I'm probably preaching to the choir but ....22 Jun 2022 18:52
The thing that makes THG so valuable is the whole Direct 2 Consumer piece (known as Ingenuity).
When the internet came to the fore - in the mid 1990s - one of the key impacts it was supposed to have on e-commerce was the disintermediation of the sales process.
In other words - the business interacted directly with its customers without needing to deal with anyone in the middle.
Then - along come Amazon and created a shop between business and consumer. And along came Rightmove to sit between estate agents and sellers etc etc
That wasn't the way it was supposed to work and it isn't the way, moving forward, it will work.

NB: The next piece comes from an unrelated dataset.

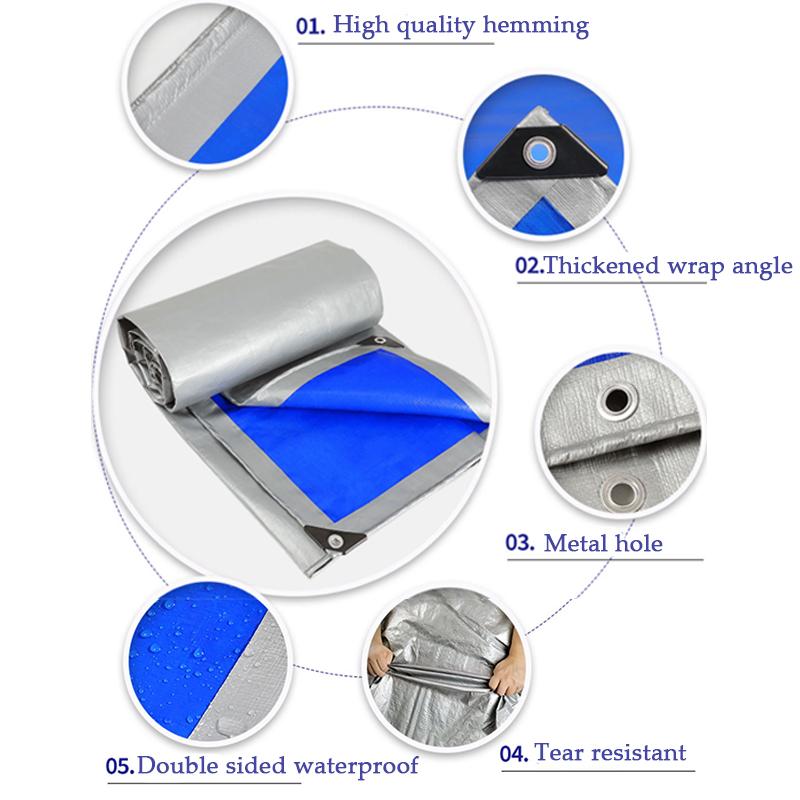 Thicken 0.32mm PE Rainproof Cloth Outdoor Sunshade Awning Boat Truck Car Waterproof Canvas Swimming Pool Tarpaulin 2x1m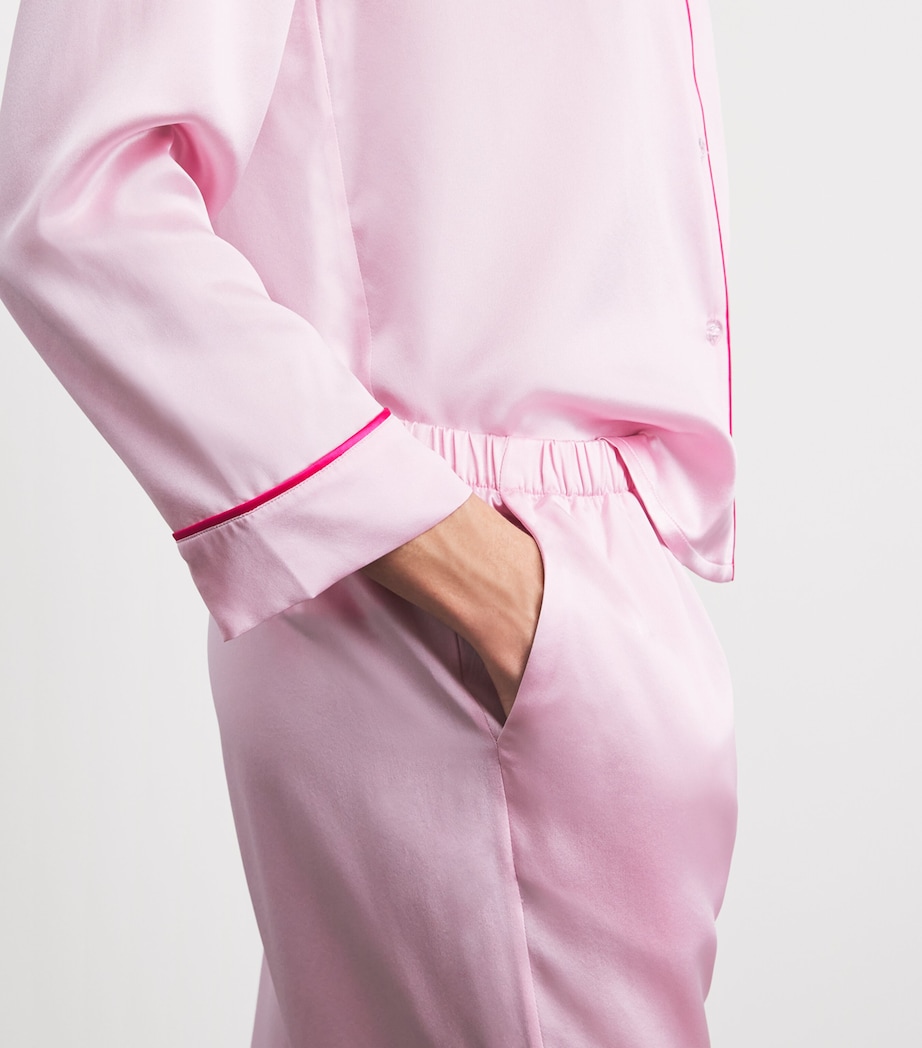 MANITO Womens Mulberry Silk Macaron Pyjamas Orchid Pink Image 5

One of the earliest examples of D2C was, back in 1996 or so, Levi Strauss was making custom jeans, to order, for their consumers. You could logon to their web site, enter your vital statistics and - 2 days later - a pair of custom made jeans arrived at your front door.
If you think about this - Levi's didn't need to produce lots of pairs of jeans in loads of different sizes, pay to ship them to a warehouse / Amazon where they sat waiting for someone to buy them and they didn't have to pay a commission to Amazon for sales etc AND they knew who their customer actually was (and their vital statistics) so they could market new offers to them in the future.
That's the value of Ingenuity - enabling businesses to be able to do that / outsource that to THG and hiring the guy from SalesForce to rub Ingenuity is a master stroke.
So .... D2C is the future of that I am resolute ....
How do I know (or think I know) all this stuff - I used to work for IBM in the 1990s and I spent a lot of my time telling the world (mainly IBM customers and staff) how the internet would change everything about e-commerce.
So .... That's why I ended up buying over 57,500 THG shares at an average a lot higher than where we are now.
But I do have immense faith I've made a sensible investment.